The interplay of obesity among individuals with DM, dyslipidaemia and poor glycaemic control in this study is significant as it relates to increased cardiovascular risk. A complex interaction of biochemical parameters has been described relating how obesity, genetic predisposition, oxidative stress, and inflammatory markers relate to diabetic dyslipidaemia and hence mediate CVDs [34,35,36]. Diabetic dyslipidaemia positively influences oxidative stress, a pro-inflammatory environment, with higher inflammatory markers such as C-reactive protein and 4-hydroxynonenal adducts and cellular damage hence influencing ASCDs [35, 37]. Additionally, obesity and dyslipidaemia in DM have been associated with lower serum adiponectin levels, a decreased expression of genes expressing adiponectin such as rs2241766 and rs1501299 and their respective receptors [34, 36]. Furthermore, obesity in DM is linked to higher leptin levels which influences endothelial dysfunction and the development of ASCDs [38]. Strategies towards decreasing the prevalence of dyslipidaemia, obesity and poor glycaemic control are, therefore, imperative to reduce cardiovascular risk in this population.

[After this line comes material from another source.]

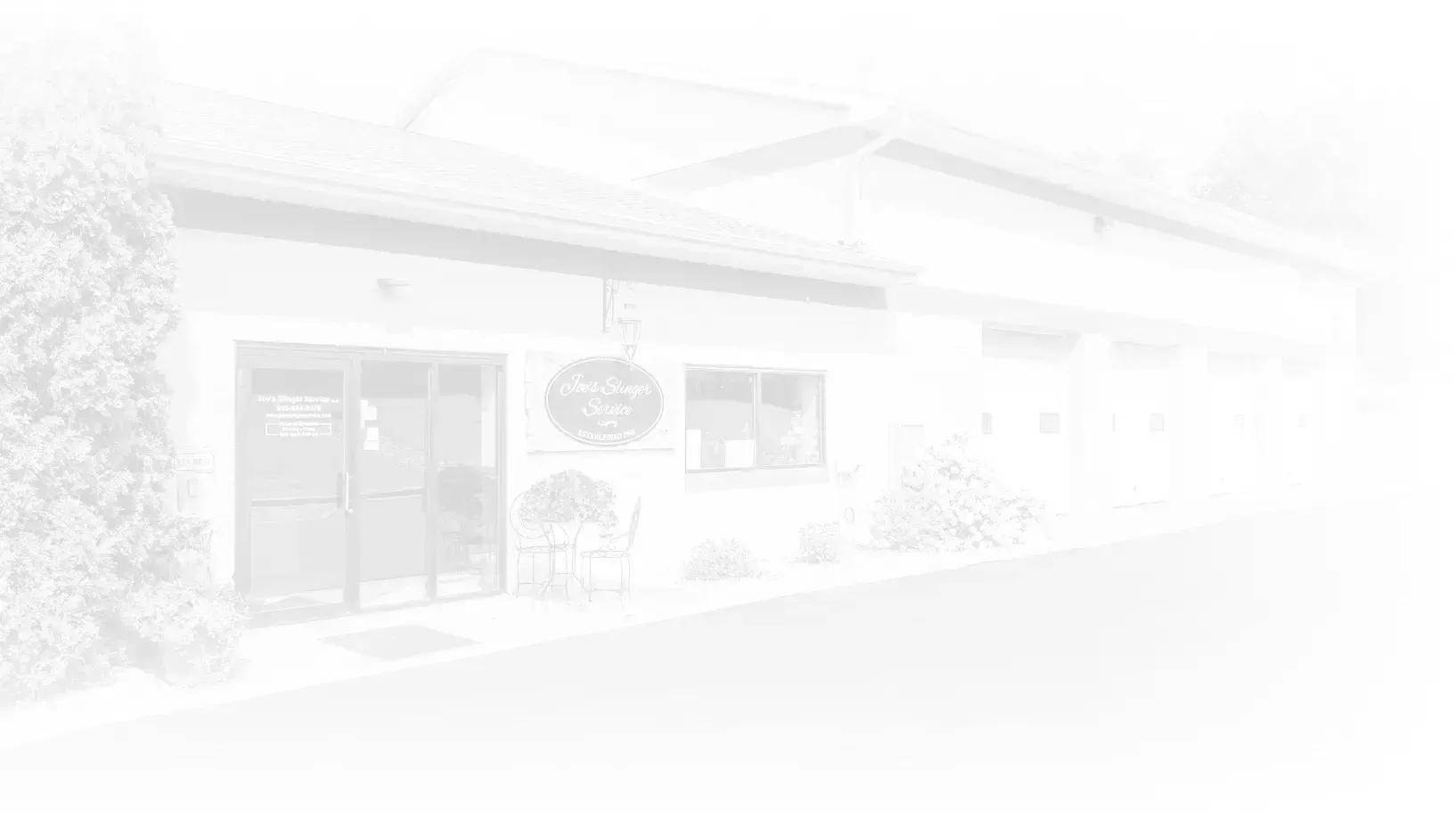 Faded white exterior of a building with a door, windows, and bushes.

Although smoking and alcohol consumption are known risk factors for dyslipidaemia, there was no statistically significant association with dyslipidaemia in this study. The prevalence of smoking and alcohol consumption in this study was lower than NCD STEPwise survey findings (1 and 5% versus 11.2 and 17%, respectively) [25]. The lack of significant association would have likely been due to the lack of statistical power, owing to the low prevalence of the conditions in this study. Moreover, the participants may have underreported since they are advised to abstain from alcohol and smoking at the DM clinic during health education sessions.

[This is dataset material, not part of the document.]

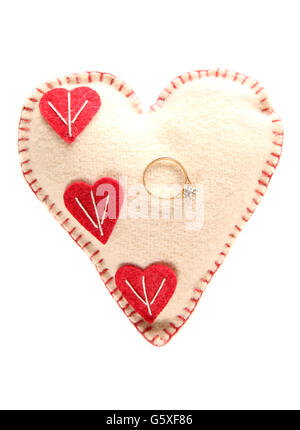 Engagement ring on a heart pillow cutout Stock Photo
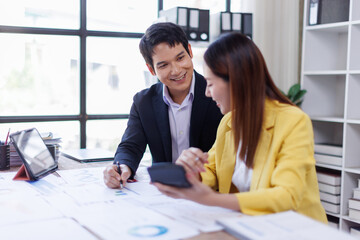Business finance accounting banking concept. Business hand doing finances and calculate on desk about cost at office. Two Business working on desk with using calculator, finance accounting.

The HIV prevalence in the study population was 11%. A previous study in Malawi showed that the rates may be as high as 20% among people with DM [14]. Dyslipidaemia and DM increase the risk of ASCDs up to 2.4-fold in people living with HIV (PLWH) [19, 39,40,41,42]. In this study, the association of HIV and dyslipidaemia approached significance, and low power may have influenced the lack of statistical significance due to the low prevalence of HIV among the participants. Nevertheless, it is essential to carefully consider the choice of lipid-lowering therapy in PLWH with DM and dyslipidaemia [43]. Atorvastatin is the preferred choice of statin among PLWH, unlike simvastatin and rosuvastatin, due to the high risk of drug interactions with antiretroviral drugs [43, 44]. Clinicians must evaluate potential drug-drug interactions between lipid-lowering agents and ARVs before prescription [43, 45].

This study had its limitations. The cross-sectional nature may not establish a cause-and-effect relationship. Nonetheless, our study complements previous findings on the high prevalence of diabetic dyslipidaemia in Malawi at tertiary hospitals and informs the need for clinical guidelines on screening and management of diabetic dyslipidaemia at facilities in Malawi.

Conclusion

This study highlights the high prevalence of diabetic dyslipidaemia characterised by a high frequency of elevated LDL-C, with overweight and obesity as an independent positive predictor. These results reinforce the need to proactively address dyslipidaemia, overweight and obesity among individuals with DM in LMICs as one of the significant ways of reducing the risk of ASCDs among this population group.